Competência para decidir sobre o trabalho de menores de 16 anos, não aprendizes

O TRT/02, em decisão histórica, proferida em dezembro de 2013, declarou a competência da Justiça do Trabalho para  apreciação de pedido de autorização de trabalho de menores de 16 anos, fora das condições de aprendizes (a exemplo do que ocorre nos trabalhos artísticos, envolvendo crianças, conforme alíneas "a" e "b" do artigo 405, CLT), contrariando posição majoritária que entende ser da justiça comum, mais especificamente, dos juízos das varas da infância e juventude, tal competência.



Entenderam os juízes que o artigo 406 da CLT, que atribui ao juiz da vara da infância e juventude a responsabilidade para autorizar o trabalho do menor, não se sobrepõe ao artigo 114, inciso I, da CF/88, que após a EC 45/2004, atribuiu à Justiça do trabalho a competência para causas oriundas de relação de trabalho em geral.

Os que defendem a posição escolhida nesse caso, argumentam ainda que a competência da Justiça do trabalho, ampliada pela EC 45/2004, engloba não apenas as lides, mas até mesmo as relações que a potencialmente a antecedem, como é o caso de danos pré-contratuais. E estando o foco de preocupação da questão centrado no "trabalho", é a justiça laboral a melhor aparelhada para analisar casos dessa natureza.

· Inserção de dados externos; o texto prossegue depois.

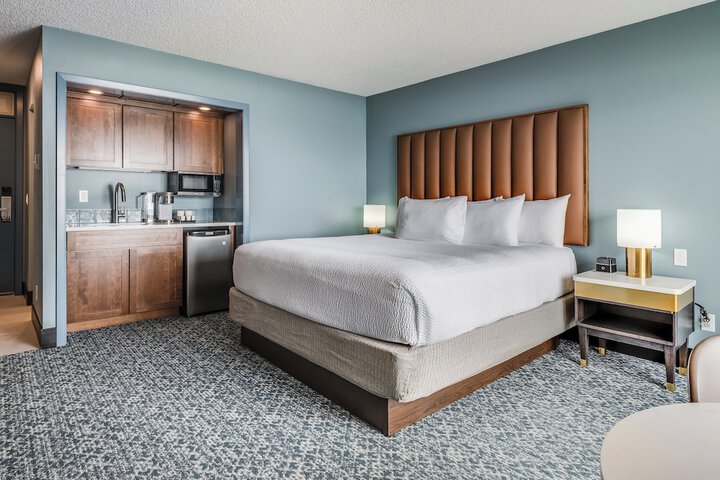 Room 25 of 220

Por fim, sustentaram que é no bojo da Convenção 138 da OIT que se colhe o suporte normativo autorizador da concessão de autorização excepcional para o trabalho abaixo da idade mínima para as atividades artísticas (art. 8o.).

Essa posição foi ratificada pelo fato do próprio TST, e depois o TRT02, ter criado uma comissão permanente para erradicação do trabalho infantil e proteção do trabalho do adolescente (Ato GP 34/2013). 

A questão está longe de um consenso.

Sabe-se que a a CF/88, em seu artigo 7o., XXXIII, proíbe que crianças e adolescentes exerçam prestação de serviços mediante vínculo empregatício. Outras normas específicas de proteção ao menor, inclusive quanto ao trabalho, estão previstas nos artigos 207, parágrafo 3o., I a III c/c os artigos 226 a 228, CC/88.

Contudo, trata-se de uma proibição genérica, que possibilita exceções, quando a atividade a ser desenvolvida servir para a formação educacional e amadurecimento. Nesse caso, o menor deve receber uma amortização judicial para trabalhar.

Mas a quem cabe conceder essa autorização? À justiça comum ou à justiça trabalhista?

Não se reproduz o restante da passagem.